Leukemia-associated ZMYND11-MBTD1 chimera induces leukemogenesis by hijacking TIP60 acetyltransferase and a PWWP-mediated chromatin association mechanism (ChIP-seq)

The recurring t(10;17)(p15;q21) chromosomal translocation as detected in a subset of human acute myeloid leukemia (AML) patients produces an aberrant fusion gene ZMYND11-MBTD1 (ZM), the biological consequence of which, however, remains elusive.
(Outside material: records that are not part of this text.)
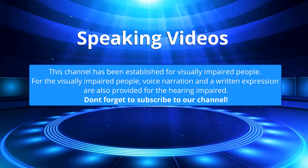This channel has been established for visually impaired people. For the visually impaired people, voice narration and a written expression are also provided for the hearing impaired. Don't forget to subscribe to our channel.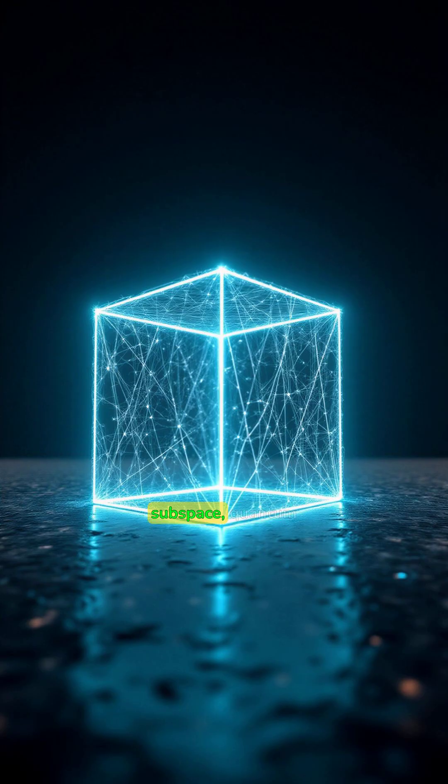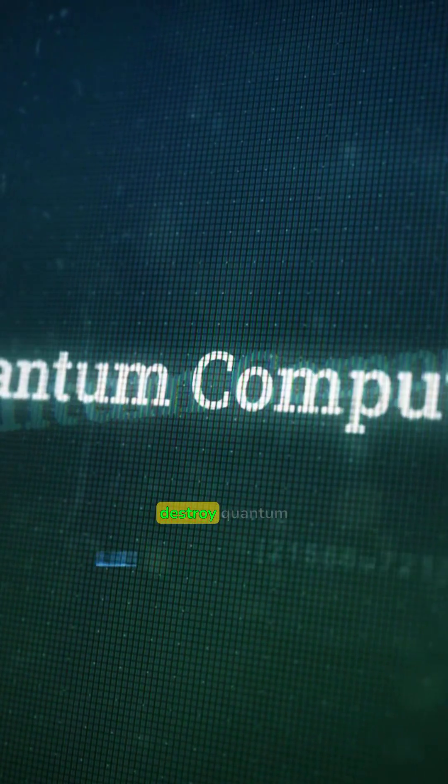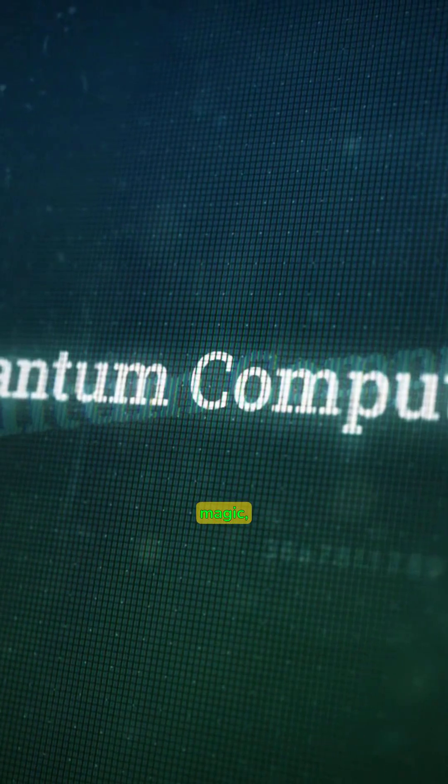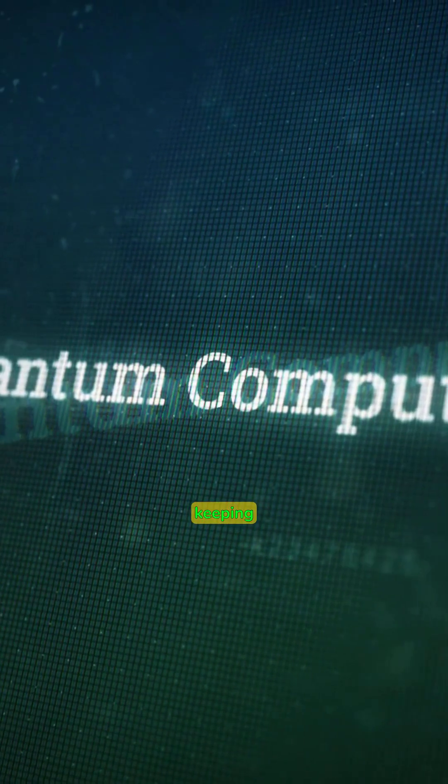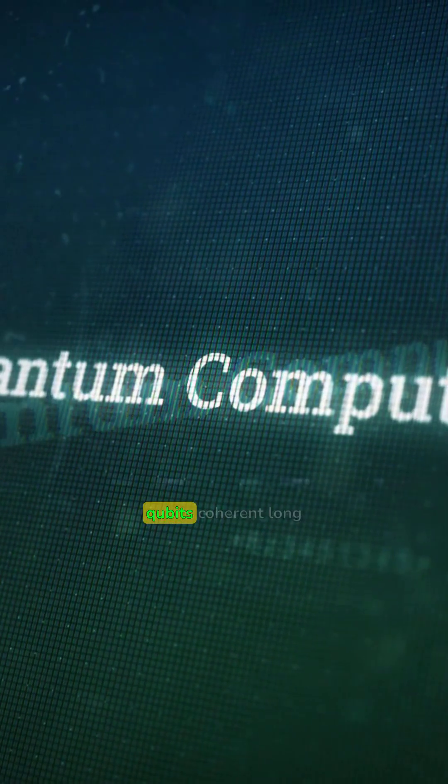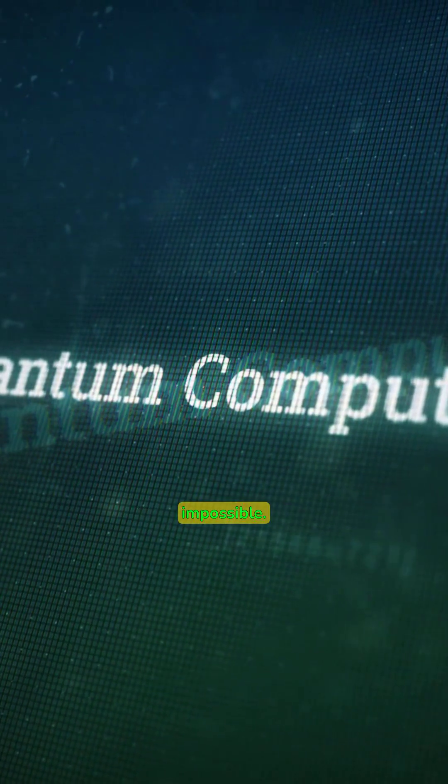In this protected subspace, quantum information can survive longer, making computations more accurate. So, while decoherence tries to destroy quantum magic, DFS helps preserve it, keeping qubits coherent long enough to compute the impossible.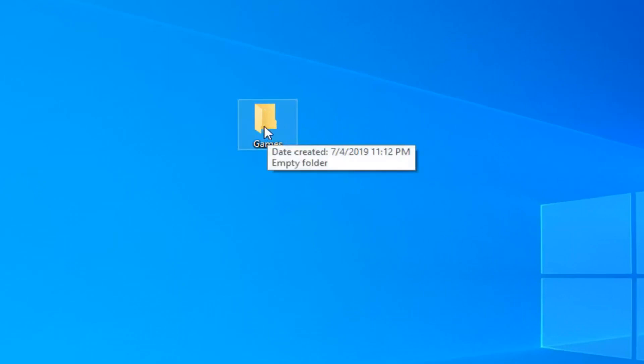So I'm just going to left click on this folder named games in this scenario. And I'm going to hold down the shift and the delete key on my keyboard at the same time. So again, shift and delete.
Here we show that ZM chimera confers primary murine hematopoietic stem/progenitor cells (HSPCs) an indefinite self-renewal capability ex vivo and causes AML in vivo. Genomics analyses revealed that ZM directly binds to and maintains high expression of pro-leukemic transcription factor (TF) genes such as Hox, Meis1, Myc, Myb, and Sox4. Mechanistically, ZM interacts with and recruits the Tip60 acetyltransferase complex, both of which occupy promoter-proximal genomic regions that are enriched with histone acetylation and devoid of H3K27me3. Furthermore, systematic mutagenesis of ZM revealed an essential requirement of Tip60 association and an H3K36me3-binding PWWP domain for leukemic transformation and proto-oncogene activation. Finally, inhibitor of histone acetylation-‘reading’ bromodomain proteins is efficacious in treating ZM-induced AML. Collectively, this study demonstrated the AML-causing effect of ZM chimera with relevant animal models, examined into its gene-regulatory functions and protein interactome, and reports a promising mechanism-based therapeutic strategy. Mapping genome-wide binding sites of ZMYND1-MBTD1 (tagged with either 3XHA-3FLAG or GFP), Tip60 (tagged with GFP) and Brd4 in ZM-transformed murine AML cells. Genome-wide analysis of different histone modifications including H3K36me3, H3K27me3, H3K27ac, H4ac in ZM-transformed murine AML cells.